● **Working data**
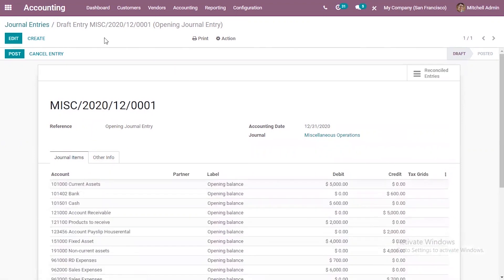Right now it is in draft state. If you want to post this journal entry, you can click on Post to post the opening balance entry in Odoo.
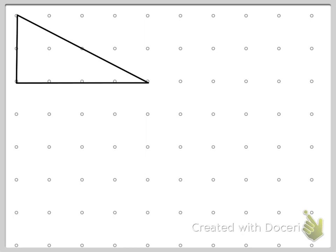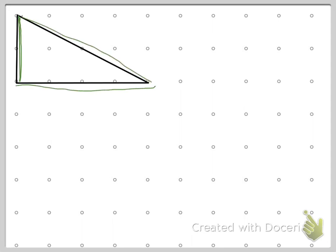I want to make a triangle that looks exactly like this. So if you notice, my triangle has this side goes up two pegs, this side goes over four, and then it cuts across.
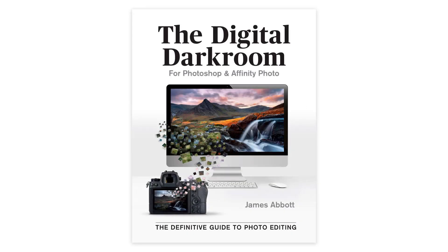Before we get started, my new book, The Digital Darkroom: The Definitive Guide to Photo Editing, is now available. The link to order is in the description.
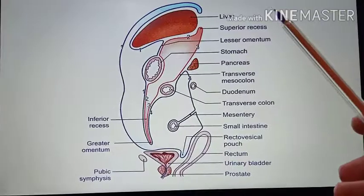Welcome to today's lecture. Today we will be studying the vertical tracing, or the sagittal tracing, of the peritoneum.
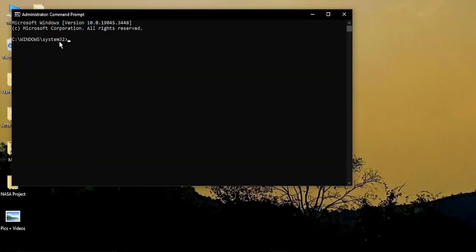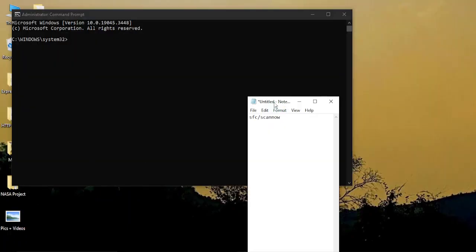When asked for any permissions, just select yes. Once you are here, just run this command: SFC slash scan now, without any spaces and in all lowercase.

● **Exercise requirements**
Lines from the one containing "Before we get" through the end of the material above must be reproduced exactly; pictures must not be.

● **Response to the task**
Before we get started, my new book, The Digital Darkroom: The Definitive Guide to Photo Editing, is now available. The link to order is in the description.
Welcome to today's lecture. Today we will be studying the vertical tracing, or the sagittal tracing, of the peritoneum.
When asked for any permissions, just select yes. Once you are here, just run this command: SFC slash scan now, without any spaces and in all lowercase.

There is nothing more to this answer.